Dahinter steckte wohl der Plan, mit langen Bällen auf ihren torgefährlichsten Mann das Mittelfeld kräftesparend zu überbrücken. Allerdings wurde der "kleine Engel" durch diese Spielweise in ein Dutzend Kopfballduelle gegen "Laterne" Per Mertesacker gezwungen, von denen er kein einziges gewann.
Bei Werder bestätigten die "Ersatzspieler" Tosic, Pasanen, Jensen, Rosenberg und Vranjes die Leistung aus dem Spiel gegen Real Madrid. Sie werden es den immer noch verletzten sieben Stammspielern schwer machen, nahtlos ins Team zurückzukehren. Und auch im Sturm wird es wieder enger: 40.000 Bremer feierten in der 81. Minute die Einwechslung von Ivan Klasnic, der erstmals nach seiner Nierentransplantation wieder den Rasen des Weserstadion betrat. "Das ist ja Wahnsinn, wer bei uns vor einem Spiel alles in Privatklamotten rumläuft", stellte Mertesacker dann fest. "Das ist eine komplette Elf und darunter viele, die in den letzten Jahren hier das Team nach oben gebracht haben. Und alle wünschen einem Glück. Das schweißt zusammen." Wenn alle Verletzten wieder zurück sind und Ansprüche anmelden, wird sich zeigen, wie tragfähig der von Mertesacker beschworene Teamgeist wirklich ist.
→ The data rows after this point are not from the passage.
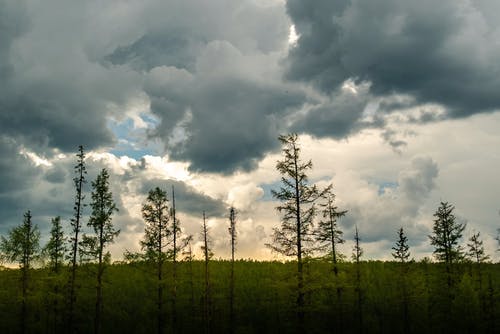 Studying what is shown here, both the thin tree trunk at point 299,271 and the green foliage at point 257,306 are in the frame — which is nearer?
the thin tree trunk at point 299,271

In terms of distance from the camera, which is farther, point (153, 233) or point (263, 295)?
point (263, 295)

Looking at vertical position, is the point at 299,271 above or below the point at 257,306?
above

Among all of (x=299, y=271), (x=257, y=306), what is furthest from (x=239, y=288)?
(x=299, y=271)

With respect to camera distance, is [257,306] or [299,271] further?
[257,306]

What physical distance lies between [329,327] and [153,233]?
91.7 feet

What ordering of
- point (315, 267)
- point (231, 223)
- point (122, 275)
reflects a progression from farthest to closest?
point (122, 275)
point (231, 223)
point (315, 267)

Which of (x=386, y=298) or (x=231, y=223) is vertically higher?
(x=231, y=223)

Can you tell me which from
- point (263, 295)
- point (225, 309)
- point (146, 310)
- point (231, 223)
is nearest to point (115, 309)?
point (146, 310)

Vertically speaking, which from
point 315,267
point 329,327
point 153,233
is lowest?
point 329,327

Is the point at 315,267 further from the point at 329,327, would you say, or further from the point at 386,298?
the point at 386,298

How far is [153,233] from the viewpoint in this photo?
124 feet

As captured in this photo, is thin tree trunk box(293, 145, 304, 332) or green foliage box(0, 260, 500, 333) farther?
green foliage box(0, 260, 500, 333)

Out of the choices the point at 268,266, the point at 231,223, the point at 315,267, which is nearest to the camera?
the point at 315,267

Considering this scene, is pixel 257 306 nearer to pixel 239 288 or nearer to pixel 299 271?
pixel 239 288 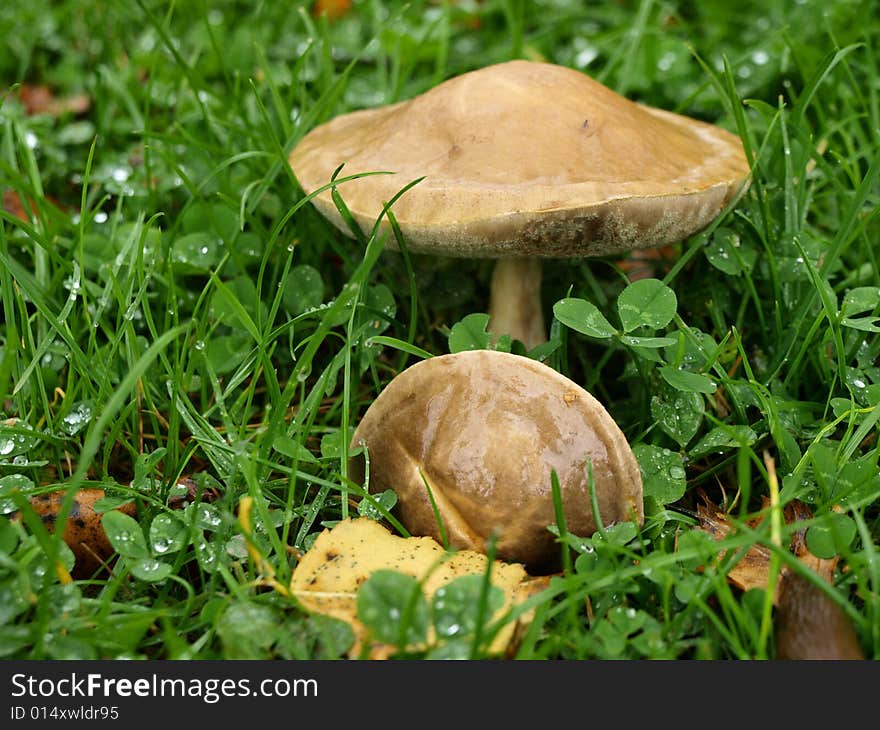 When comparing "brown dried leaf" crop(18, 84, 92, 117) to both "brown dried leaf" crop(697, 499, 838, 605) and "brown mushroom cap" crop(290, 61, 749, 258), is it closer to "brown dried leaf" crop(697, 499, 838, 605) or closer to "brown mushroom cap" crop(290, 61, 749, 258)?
"brown mushroom cap" crop(290, 61, 749, 258)

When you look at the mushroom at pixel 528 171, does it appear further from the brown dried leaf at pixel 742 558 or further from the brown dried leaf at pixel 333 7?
the brown dried leaf at pixel 333 7

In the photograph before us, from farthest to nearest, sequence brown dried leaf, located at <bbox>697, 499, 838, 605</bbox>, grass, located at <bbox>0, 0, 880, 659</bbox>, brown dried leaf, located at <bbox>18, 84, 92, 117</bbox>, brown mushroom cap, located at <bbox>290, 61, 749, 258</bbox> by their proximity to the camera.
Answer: brown dried leaf, located at <bbox>18, 84, 92, 117</bbox>
brown mushroom cap, located at <bbox>290, 61, 749, 258</bbox>
brown dried leaf, located at <bbox>697, 499, 838, 605</bbox>
grass, located at <bbox>0, 0, 880, 659</bbox>

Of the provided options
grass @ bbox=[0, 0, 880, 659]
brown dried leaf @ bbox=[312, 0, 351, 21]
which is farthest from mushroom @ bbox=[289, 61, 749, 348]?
brown dried leaf @ bbox=[312, 0, 351, 21]

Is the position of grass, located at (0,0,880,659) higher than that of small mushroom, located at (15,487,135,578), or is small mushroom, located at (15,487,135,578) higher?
grass, located at (0,0,880,659)

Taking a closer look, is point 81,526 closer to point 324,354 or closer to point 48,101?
point 324,354

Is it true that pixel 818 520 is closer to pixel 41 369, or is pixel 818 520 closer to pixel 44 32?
pixel 41 369

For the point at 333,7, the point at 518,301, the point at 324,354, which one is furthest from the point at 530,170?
the point at 333,7
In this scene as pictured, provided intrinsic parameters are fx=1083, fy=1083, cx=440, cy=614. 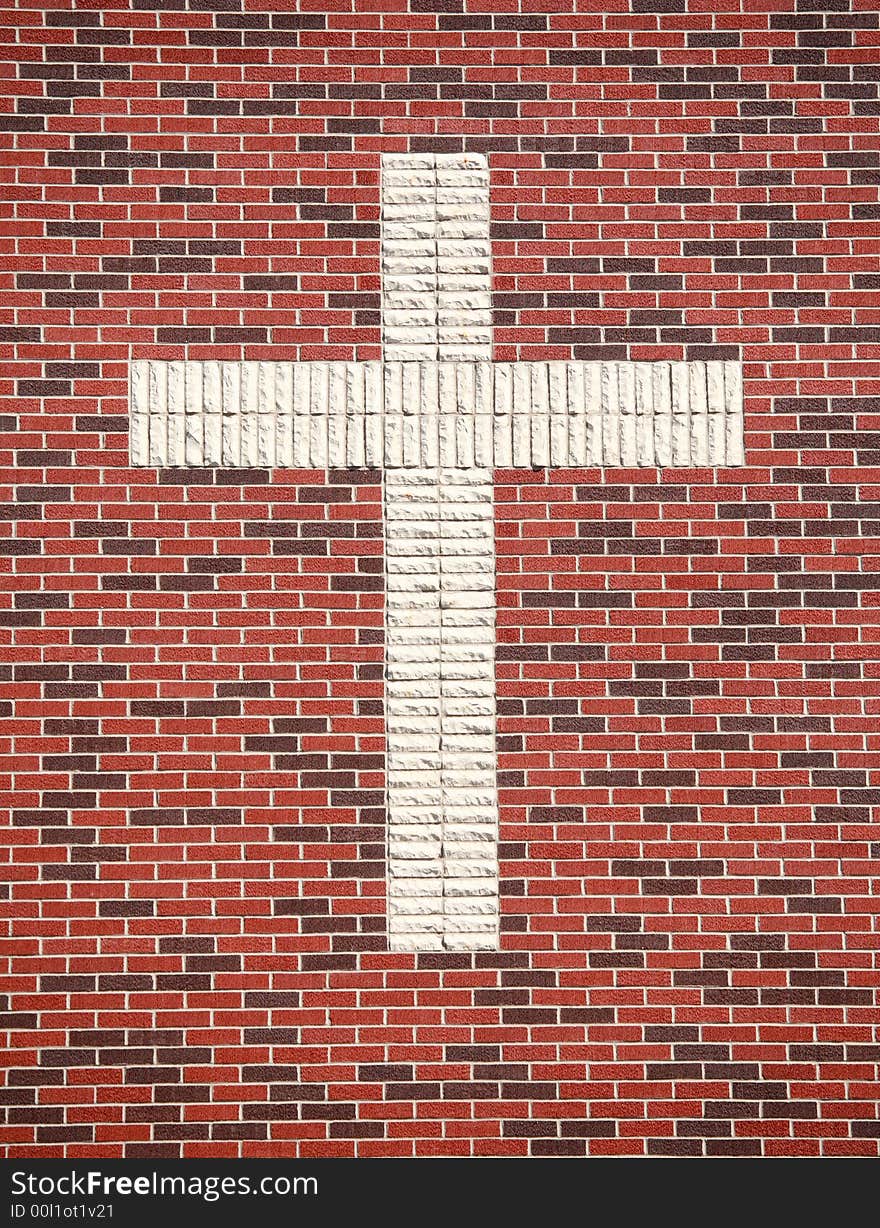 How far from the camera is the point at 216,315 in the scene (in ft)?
12.9

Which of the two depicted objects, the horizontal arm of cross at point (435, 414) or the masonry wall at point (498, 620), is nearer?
the masonry wall at point (498, 620)

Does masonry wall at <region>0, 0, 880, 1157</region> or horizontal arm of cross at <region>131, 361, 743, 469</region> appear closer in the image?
masonry wall at <region>0, 0, 880, 1157</region>

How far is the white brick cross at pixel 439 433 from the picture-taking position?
3896 millimetres

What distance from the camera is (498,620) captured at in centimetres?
393

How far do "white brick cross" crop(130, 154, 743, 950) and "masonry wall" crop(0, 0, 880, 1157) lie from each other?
0.25 feet

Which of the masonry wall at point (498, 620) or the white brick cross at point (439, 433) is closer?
the masonry wall at point (498, 620)

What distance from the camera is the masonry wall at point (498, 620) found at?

Zum Thema Kleiderordnung hatten dann auch die Hamburger nach dem Spiel noch etwas zu sagen. "Ich würde mir wünschen, dass die Frack-und-Schlips-Träger da oben es mal anders machen", sagte Frank Rost zu der Ansetzung des Spiels nur 43 Stunden nach dem Uefa-Cup-Einsatz und erhielt Unterstützung von seinem Trainer: "Wie sagte Oliver Kahn: Krawattenträger entscheiden." Kurzhosen aller Clubs, schließt euch zusammen!